Robert Harris’s The Fear Index was a relatively understated novel by the blockbusting standards of the author of Fatherland and Pompeii, in so far as that it wasn’t brimming over with grandstanding Nazis or backstabbing Romans. And so it is perhaps not surprising that his brooding meditation on high finance, artificial intelligence and the demons that drive the super-wealthy has translated into a drab mini-series on Sky Atlantic.
A despondent greyness hangs over the four-part adaptation, which struggles to overcome lustreless cinematography and a plot that unfolds with all the urgency of a hedgehog pottering across a suburban garden. This is a thriller with one finger on the snooze button.
It is chiefly noteworthy for showcasing a rather wrinkled Josh Hartnett, who, in the early 2000s, was the moody star of The Virgin Suicides and Pearl Harbor – a sharp-cheekboned wunderkind who looked set to become the new Keanu Reeves.

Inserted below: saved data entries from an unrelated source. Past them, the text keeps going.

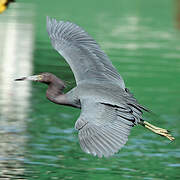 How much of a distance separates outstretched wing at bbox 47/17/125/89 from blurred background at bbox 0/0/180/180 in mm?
414

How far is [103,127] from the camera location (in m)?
6.77

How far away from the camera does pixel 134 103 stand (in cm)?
777

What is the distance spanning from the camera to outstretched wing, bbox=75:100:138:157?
6.41 meters

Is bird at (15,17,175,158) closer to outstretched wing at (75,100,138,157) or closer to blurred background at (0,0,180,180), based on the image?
outstretched wing at (75,100,138,157)

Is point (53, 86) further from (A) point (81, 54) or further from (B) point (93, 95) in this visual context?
(B) point (93, 95)

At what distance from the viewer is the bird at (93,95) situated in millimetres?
6582

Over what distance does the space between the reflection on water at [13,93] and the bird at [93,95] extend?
48.2 inches

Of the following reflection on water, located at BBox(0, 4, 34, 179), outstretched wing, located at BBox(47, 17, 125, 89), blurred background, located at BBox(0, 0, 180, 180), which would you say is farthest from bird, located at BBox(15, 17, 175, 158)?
reflection on water, located at BBox(0, 4, 34, 179)

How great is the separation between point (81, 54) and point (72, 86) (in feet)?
19.8

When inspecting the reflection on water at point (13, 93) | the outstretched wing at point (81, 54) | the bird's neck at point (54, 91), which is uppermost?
the outstretched wing at point (81, 54)

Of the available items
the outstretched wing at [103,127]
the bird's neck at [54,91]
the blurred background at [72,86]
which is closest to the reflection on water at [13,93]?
the blurred background at [72,86]

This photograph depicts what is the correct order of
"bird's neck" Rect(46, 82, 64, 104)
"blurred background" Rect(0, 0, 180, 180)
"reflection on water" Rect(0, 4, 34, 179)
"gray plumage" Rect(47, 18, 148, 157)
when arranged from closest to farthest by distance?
"gray plumage" Rect(47, 18, 148, 157) < "bird's neck" Rect(46, 82, 64, 104) < "blurred background" Rect(0, 0, 180, 180) < "reflection on water" Rect(0, 4, 34, 179)

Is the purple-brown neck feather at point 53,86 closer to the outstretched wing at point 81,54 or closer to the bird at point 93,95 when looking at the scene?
the bird at point 93,95

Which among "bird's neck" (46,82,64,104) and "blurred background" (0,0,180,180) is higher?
"bird's neck" (46,82,64,104) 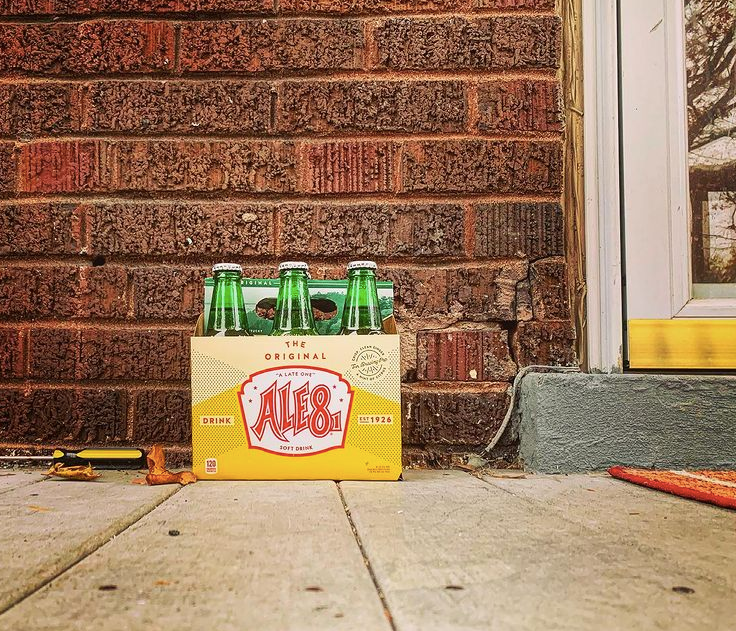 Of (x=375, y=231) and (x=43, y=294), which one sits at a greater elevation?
(x=375, y=231)

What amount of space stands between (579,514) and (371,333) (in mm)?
542

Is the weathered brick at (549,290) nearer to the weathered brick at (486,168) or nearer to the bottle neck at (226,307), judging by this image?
the weathered brick at (486,168)

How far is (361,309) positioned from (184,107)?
0.66m

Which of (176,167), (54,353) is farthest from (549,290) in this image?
(54,353)

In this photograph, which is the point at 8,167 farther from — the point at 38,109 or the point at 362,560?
the point at 362,560

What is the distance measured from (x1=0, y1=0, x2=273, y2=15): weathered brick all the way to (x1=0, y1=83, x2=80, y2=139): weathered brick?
183mm

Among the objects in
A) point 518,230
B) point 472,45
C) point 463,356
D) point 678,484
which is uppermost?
point 472,45

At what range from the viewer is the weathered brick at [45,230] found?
150 centimetres

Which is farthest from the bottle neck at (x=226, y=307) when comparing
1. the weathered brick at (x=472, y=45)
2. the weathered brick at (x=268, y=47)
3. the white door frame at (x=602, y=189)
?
the white door frame at (x=602, y=189)

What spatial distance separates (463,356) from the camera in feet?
4.85

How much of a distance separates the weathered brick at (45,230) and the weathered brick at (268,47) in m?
0.45

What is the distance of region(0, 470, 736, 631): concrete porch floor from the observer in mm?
555

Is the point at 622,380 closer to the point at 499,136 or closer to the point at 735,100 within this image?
the point at 499,136

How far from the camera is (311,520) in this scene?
0.91 m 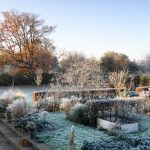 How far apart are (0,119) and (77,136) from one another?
3603 millimetres

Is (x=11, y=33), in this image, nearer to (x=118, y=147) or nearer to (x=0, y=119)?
(x=0, y=119)

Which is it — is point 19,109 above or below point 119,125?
above

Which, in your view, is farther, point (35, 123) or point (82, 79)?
point (82, 79)

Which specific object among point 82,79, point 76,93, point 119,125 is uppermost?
point 82,79

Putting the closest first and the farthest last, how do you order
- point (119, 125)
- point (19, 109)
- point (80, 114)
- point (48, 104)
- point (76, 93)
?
1. point (119, 125)
2. point (19, 109)
3. point (80, 114)
4. point (48, 104)
5. point (76, 93)

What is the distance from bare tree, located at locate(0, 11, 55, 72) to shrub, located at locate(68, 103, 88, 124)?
17556 millimetres

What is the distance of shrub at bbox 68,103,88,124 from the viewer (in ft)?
28.3

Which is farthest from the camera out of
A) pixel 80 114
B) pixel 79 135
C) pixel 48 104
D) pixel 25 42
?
pixel 25 42

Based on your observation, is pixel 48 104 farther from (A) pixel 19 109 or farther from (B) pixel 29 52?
(B) pixel 29 52

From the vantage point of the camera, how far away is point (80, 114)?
873 cm

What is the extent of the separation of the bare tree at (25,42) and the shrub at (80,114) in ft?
57.6

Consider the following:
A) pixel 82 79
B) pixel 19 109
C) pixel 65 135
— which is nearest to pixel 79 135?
pixel 65 135

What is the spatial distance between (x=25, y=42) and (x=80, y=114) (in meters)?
18.6

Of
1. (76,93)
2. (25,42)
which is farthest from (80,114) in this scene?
(25,42) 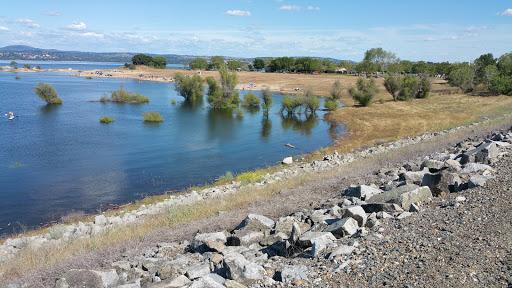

But the box office never entirely capitulated to his charms and he eventually quit Hollywood for a quiet life in Surrey with his wife and children. He returns in The Fear Index as a care-worn 40-something, that matinee idol profile replaced by worry lines and dad-hair.
He plays Dr Alex Hoffman, an American hedge fund manager in Geneva who is obsessed with the human impulse towards fear – an aspect of psychology which, he believes, drives financial markets. Hoffman has done well out of psychoanalysing the masses, living in a huge house by the lake with glamorous art-dealer wife Gabby (I Hate Suzie’s Leila Farzad).
Yet if Hoffman’s home is shiny and vast, his past is murky and full of unexplored cubbyholes. He was once a high-flyer at the European nuclear research agency Cern, but left under controversial circumstances. What happened at Cern? And why has he kept his mental breakdown of several years ago secret from Gabby?